REPUBLIKA.CO.ID, Ketua Mahkamah Agung Iran Ayatullah Sadeq Amoli Larijani menilai rencana Barat dan Arab Saudi soal penggabungan Riyadh dan Manama sebagai sebuah "permainan berbahaya."
"Setelah menyadari bahwa rakyat Bahrain tidak akan merelakan hak mereka, Barat dan negara-negara Arab di kawasan kini memulai permainan berbahaya," kata Ayatollah Larijani mengacu pada rencana penggabungan Arab Saudi dengan Bahrain.
Berdasarkan laporan terbaru, Arab Saudi berusaha bergabung dengan Bahrain sesuai dengan rencana menyatukan enam negara Arab anggota Dewan Kerjasama Teluk-Persia (P-GCC). "Kami berharap bahwa para penguasa Arab Saudi dan Bahrain sadar dan membiarkan rakyat Bahrain," tambahnya.
Pada Desember 2011, Raja Abdullah menyerukan kepada negara-negara anggota P-GCC untuk bergerak melampaui tahap kerja sama dan menuju ke tahap penyatuan.
Ayatullah Larijani juga menegaskan bahwa cara Barat menyikapi gerakan kebangkitan rakyat di Bahrain menunjukkan kontradiksi antara slogan dan tindakan mereka.
Rakyat Bahrain telah berdemonstrasi sejak pertengahan Februari 2011. Awalnya protes menuntut reformasi politik dan menbentuk pemerintahan monarki konstitusional. Akan tetapi setelah politik represif yang ditunjukkan oleh keluarga al-Khalifa, tuntutan berubah menjadi seruan penggulingan kekuasaan keluarga kerajaan al-Khalifa.
Demonstran Bahrain juga berdemonstrasi menentang dukungan AS terhadap aksi brutal rezim Manama dalam menyikapi protes rakyat.

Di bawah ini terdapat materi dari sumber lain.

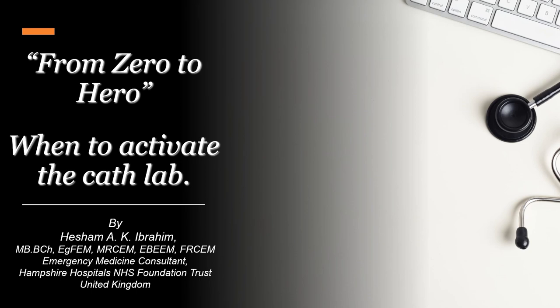Welcome to our ECG course from zero to hero in acute coronary syndrome. This is Hisham Ibrahim, one of the emergency medicine consultants in the United Kingdom. In this talk we're going to be discussing some indications to activate the cath lab, when to do it appropriately, and when it would be considered an inappropriate indication.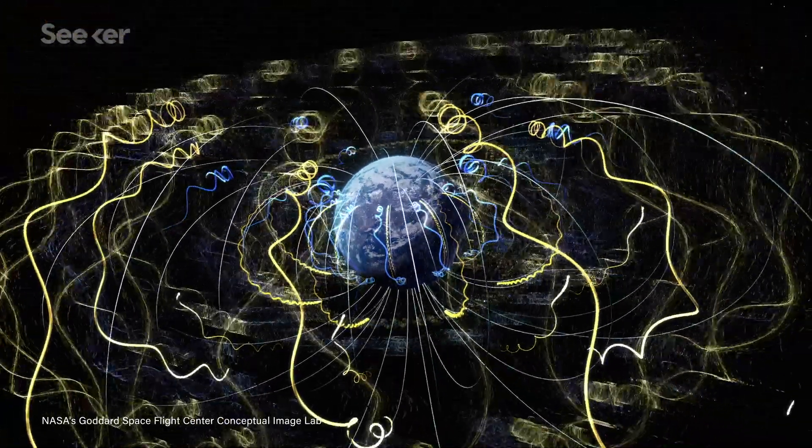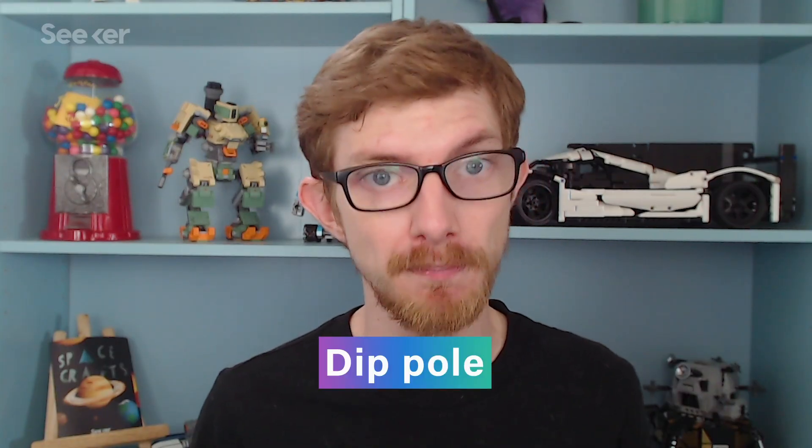From a zoomed-out view, say from space, the Earth's magnetic field appears to look and act like a dipole, and the spot that best represents the northern dipole is off the coast of Greenland. However, on a finer scale, the Earth's magnetic field is more varied and complex than a giant bar magnet. There is a point where the Earth's magnetic field is perpendicular to Earth's surface — if you were to stand over it with a compass, the needle would try and point straight down. So to recap, there is a geomagnetic north dipole and a magnetic north dip pole, and they are different things in different places.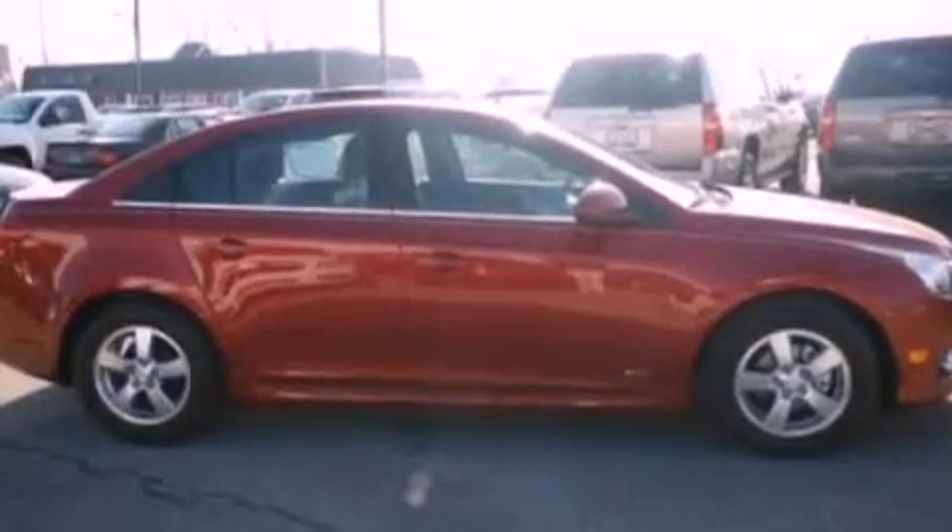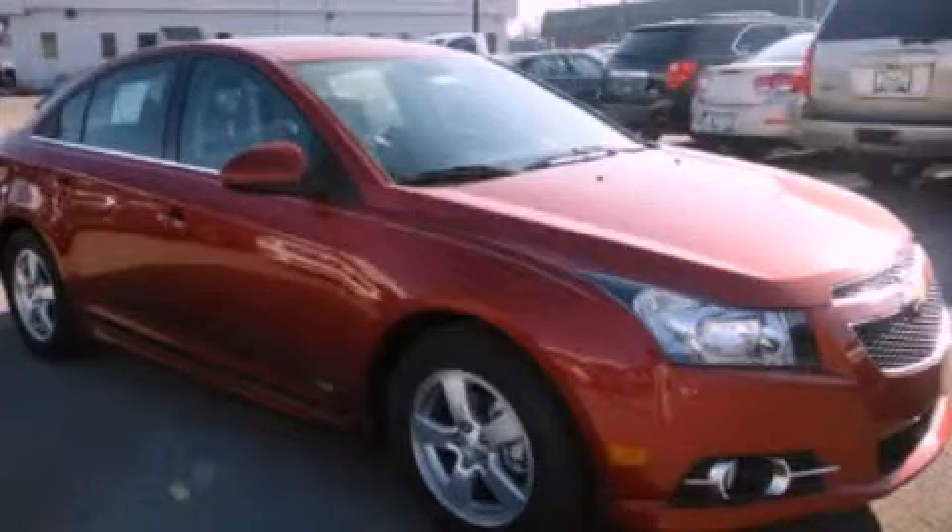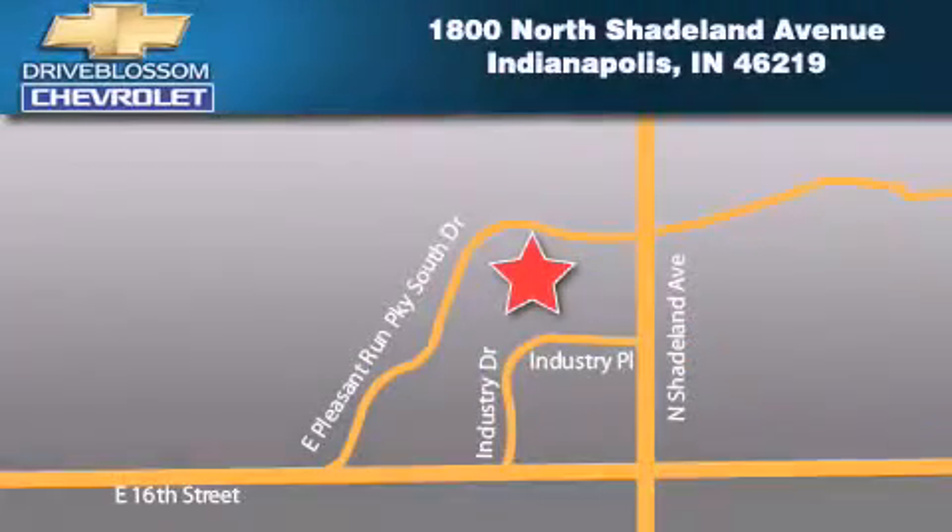Contact us today and schedule your opportunity to see this automobile in person. Blossom Chevrolet is located at 1800 North Shadeland Avenue in Indianapolis. Our goal is to exceed all of your expectations to ensure that you'll return for future visits.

Pada 11 Mei lalu, Departemen Luar Negeri AS menyatakan bahwa Washington akan melanjutkan penjualan senjata ke Manama. Kelompok-kelompok oposisi Bahrain dan aktivis mengecam keputusan tersebut dan menilainya berpotensi mendorong pelanggaran hak asasi manusia yang lebih luas di negara ini.